Page:Tales of Bengal (Sita and Santa Chattopadhyay).djvu/15

This page has been proofread, but needs to be validated.
INTRODUCTION
iii

land and its life. Their literary careers have advanced together. In 1917, Sita Devi's first original short story—Light of the Eyes—appeared in Prabasi, her sister's first one—Sunanda—appearing in the same magazine a month later. In 1918, they wrote in collaboration a novel, UdyanlataThe Garden Creeper—, a serial for Prabasi. This was given over a column in the Times Literary Supplement, from the pen of the late Mr. J. D. Anderson, who knew Bengali literature as no other European did. He speaks of the book's 'keen observation, sometimes girlishly amused, sometimes tenderly pitying, never harsh or bitter,' which was rendered in 'a style which is in itself a delight to any competent student of Indian letters.' They had excellent material, as he points out, in the contrast afforded between 'the varied life of the great cosmopolitan city of Calcutta, and also of the pleasant old-world existence led by rustic dwellers in the teeming villages of rural Bengal.' The same writer gave equal praise to Sita Devi's Cage of Gold, which appeared first as a Prabasi serial in 1919. It was followed by Santa Devi's serial, The Eternal, in 1920. Both sisters have written reviews and other articles. Santa Devi has painted in water colour. She is a disciple of the well-known artists, Abanindranath Tagore and Nandalal Bose. Sita Devi has published in The Modern Review translations by herself of her own and her sister's stories.

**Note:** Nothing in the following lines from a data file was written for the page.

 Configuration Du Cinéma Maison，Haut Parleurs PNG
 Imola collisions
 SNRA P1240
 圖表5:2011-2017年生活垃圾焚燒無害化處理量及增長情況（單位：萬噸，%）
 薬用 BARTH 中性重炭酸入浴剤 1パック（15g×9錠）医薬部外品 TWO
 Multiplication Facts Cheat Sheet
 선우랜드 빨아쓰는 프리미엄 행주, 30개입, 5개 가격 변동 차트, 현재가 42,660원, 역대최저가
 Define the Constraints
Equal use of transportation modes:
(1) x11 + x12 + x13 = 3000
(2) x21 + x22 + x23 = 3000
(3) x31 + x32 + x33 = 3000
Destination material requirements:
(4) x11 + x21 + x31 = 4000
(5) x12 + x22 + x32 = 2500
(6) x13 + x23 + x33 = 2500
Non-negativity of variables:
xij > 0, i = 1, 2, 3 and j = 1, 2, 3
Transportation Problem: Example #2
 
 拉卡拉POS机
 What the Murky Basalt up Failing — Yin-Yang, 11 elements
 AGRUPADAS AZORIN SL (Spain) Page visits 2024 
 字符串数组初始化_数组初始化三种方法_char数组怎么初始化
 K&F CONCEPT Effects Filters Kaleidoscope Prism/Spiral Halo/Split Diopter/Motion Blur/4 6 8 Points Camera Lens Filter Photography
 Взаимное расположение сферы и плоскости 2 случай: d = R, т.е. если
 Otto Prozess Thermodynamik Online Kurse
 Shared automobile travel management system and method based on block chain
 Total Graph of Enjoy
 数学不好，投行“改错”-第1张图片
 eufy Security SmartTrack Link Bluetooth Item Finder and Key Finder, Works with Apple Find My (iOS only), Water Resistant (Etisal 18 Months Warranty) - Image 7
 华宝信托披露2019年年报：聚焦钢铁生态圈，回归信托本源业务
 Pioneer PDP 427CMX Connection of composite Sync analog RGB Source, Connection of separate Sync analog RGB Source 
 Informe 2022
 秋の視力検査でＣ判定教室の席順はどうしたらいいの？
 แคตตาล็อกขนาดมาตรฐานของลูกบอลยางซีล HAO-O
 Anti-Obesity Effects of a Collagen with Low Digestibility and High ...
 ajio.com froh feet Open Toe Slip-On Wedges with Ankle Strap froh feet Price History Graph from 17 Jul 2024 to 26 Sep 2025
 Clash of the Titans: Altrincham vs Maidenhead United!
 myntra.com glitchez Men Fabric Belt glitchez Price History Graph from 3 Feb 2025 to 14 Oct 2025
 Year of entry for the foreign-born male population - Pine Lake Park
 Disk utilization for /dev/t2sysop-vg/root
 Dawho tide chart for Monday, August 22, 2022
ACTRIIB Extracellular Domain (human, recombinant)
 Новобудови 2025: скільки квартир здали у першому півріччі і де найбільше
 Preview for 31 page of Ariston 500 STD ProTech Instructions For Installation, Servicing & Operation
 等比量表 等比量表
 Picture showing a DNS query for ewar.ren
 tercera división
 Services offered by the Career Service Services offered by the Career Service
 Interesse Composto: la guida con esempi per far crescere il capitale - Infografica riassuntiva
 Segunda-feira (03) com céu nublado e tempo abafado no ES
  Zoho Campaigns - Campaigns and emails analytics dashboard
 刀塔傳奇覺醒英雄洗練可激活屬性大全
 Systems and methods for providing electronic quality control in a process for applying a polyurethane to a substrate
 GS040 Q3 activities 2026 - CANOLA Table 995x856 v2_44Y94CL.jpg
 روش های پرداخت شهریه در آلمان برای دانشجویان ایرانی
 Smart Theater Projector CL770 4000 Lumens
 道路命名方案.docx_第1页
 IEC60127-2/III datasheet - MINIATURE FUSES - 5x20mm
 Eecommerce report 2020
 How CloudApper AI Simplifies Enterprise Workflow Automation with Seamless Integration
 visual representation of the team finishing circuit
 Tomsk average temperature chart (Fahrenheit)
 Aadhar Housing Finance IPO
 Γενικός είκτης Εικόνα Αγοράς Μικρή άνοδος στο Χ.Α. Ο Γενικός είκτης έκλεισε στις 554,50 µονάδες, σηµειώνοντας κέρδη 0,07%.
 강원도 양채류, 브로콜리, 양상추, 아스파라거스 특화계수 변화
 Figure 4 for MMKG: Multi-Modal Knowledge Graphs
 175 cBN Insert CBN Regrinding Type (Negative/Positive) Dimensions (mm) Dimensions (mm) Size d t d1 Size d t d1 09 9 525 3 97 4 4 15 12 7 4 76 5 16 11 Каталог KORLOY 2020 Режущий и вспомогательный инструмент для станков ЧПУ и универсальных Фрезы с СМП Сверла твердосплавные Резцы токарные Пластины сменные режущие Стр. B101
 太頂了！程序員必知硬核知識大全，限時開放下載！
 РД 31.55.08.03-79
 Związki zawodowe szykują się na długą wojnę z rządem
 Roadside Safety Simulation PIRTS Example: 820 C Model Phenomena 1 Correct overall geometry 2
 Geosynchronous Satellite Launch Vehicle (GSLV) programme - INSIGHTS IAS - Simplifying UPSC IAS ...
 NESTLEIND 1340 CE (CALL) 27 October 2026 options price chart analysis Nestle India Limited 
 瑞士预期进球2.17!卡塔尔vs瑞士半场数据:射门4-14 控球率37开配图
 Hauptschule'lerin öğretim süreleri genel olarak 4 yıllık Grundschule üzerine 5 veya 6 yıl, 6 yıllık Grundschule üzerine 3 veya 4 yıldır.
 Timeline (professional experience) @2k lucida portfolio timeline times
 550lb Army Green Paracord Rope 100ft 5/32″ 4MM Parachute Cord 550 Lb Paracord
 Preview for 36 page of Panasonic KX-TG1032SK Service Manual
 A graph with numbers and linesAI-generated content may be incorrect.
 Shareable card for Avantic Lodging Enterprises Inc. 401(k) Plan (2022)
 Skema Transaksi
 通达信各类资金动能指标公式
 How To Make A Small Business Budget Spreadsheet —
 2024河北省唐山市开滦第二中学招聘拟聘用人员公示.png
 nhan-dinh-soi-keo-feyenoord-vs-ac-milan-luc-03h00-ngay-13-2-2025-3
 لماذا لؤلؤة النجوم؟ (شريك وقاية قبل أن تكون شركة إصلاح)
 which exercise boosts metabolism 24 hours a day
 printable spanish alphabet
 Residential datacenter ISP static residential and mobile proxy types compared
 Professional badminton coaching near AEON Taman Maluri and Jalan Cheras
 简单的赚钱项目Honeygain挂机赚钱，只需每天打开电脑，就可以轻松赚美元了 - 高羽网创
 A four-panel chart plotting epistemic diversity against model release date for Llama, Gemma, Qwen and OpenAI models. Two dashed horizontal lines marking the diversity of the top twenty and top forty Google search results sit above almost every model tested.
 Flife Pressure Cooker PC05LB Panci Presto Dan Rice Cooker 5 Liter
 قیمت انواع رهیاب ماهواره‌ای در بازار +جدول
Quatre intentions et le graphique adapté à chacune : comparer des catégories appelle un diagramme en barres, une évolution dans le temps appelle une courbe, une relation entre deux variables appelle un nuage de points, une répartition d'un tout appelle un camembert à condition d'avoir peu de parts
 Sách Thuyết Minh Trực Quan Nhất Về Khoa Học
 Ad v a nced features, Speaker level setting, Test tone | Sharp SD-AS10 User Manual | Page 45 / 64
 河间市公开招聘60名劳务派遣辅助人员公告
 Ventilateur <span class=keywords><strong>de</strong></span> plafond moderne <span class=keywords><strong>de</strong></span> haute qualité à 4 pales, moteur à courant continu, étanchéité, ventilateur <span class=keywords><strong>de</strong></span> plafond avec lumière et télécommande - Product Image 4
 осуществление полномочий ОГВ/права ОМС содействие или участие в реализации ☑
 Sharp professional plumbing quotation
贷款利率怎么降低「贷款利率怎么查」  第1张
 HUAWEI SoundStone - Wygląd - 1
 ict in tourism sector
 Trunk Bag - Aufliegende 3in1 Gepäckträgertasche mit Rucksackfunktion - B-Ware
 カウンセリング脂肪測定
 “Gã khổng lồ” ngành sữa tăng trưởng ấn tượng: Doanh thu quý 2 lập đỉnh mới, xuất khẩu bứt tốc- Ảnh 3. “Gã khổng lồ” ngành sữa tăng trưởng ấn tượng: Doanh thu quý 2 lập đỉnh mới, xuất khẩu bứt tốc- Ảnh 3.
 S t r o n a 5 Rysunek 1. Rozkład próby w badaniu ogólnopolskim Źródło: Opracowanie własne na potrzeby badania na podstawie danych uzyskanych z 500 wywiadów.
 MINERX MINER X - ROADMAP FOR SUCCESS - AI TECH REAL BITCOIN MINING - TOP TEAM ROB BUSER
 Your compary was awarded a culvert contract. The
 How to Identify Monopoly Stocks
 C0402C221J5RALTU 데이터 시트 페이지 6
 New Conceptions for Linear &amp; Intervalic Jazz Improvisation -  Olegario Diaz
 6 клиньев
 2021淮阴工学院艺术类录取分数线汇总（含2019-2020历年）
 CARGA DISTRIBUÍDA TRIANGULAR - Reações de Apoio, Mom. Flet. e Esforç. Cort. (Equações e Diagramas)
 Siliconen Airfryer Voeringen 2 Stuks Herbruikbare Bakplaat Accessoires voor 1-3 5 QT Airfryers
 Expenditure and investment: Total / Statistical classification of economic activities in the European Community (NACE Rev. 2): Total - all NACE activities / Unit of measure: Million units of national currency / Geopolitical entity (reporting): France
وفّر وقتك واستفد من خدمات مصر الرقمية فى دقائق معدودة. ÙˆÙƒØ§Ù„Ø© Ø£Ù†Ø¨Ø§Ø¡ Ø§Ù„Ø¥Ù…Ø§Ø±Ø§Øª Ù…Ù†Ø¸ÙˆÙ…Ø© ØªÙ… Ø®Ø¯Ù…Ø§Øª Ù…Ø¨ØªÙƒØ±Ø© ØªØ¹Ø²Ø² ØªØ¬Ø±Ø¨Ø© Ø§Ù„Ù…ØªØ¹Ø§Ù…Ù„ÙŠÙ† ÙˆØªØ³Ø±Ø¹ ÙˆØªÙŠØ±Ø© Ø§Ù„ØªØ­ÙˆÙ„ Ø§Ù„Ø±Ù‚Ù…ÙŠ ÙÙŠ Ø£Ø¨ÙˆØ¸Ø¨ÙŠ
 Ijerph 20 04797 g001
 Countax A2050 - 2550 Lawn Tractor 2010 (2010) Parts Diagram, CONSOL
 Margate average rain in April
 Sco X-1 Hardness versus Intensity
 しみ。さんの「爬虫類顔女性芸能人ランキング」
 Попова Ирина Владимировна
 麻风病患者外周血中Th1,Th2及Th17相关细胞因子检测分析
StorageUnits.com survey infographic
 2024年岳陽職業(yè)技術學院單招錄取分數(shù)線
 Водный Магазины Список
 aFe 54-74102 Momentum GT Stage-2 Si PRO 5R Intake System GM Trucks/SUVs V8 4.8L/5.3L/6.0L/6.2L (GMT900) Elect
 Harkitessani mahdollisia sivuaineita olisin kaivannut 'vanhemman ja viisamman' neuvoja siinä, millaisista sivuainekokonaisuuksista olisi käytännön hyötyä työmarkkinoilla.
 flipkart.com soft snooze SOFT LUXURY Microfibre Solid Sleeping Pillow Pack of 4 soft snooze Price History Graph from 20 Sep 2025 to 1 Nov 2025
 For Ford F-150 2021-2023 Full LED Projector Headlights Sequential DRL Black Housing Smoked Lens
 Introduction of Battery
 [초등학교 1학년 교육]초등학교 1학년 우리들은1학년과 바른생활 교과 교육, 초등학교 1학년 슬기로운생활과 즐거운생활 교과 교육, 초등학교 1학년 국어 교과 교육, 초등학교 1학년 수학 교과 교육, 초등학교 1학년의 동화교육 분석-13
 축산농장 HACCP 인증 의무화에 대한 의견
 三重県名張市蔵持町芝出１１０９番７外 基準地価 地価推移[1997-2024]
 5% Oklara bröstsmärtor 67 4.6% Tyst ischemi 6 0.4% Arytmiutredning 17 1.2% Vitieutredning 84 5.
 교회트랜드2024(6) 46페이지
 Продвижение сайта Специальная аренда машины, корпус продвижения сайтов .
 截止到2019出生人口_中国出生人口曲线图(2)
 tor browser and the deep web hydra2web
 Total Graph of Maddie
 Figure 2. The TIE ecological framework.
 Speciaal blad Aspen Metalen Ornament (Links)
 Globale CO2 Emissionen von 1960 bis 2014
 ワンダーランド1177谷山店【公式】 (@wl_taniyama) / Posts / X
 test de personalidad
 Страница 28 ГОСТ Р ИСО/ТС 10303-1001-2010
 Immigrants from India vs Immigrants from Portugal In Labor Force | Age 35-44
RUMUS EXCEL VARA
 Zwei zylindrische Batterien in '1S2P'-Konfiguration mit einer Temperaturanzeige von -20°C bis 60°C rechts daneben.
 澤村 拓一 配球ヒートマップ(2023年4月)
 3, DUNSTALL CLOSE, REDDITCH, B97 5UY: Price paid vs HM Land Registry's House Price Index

The two sisters thus present a wide culture, and their writings proceed from lives of unfettered freedom of thought. Other circumstances have helped to give them their detached view of Hindu society. Though born in Calcutta, they lived in Allahabad from 1895 to 1908, and most of their dearest memories cluster about that place. They have also lived for a considerable period at Shantiniketan, Rabindranath Tagore's 'Home of Peace', a place where thought is as liberal as the wide spaces that surround it. Here they found their fullest powers of expression, as nowhere else.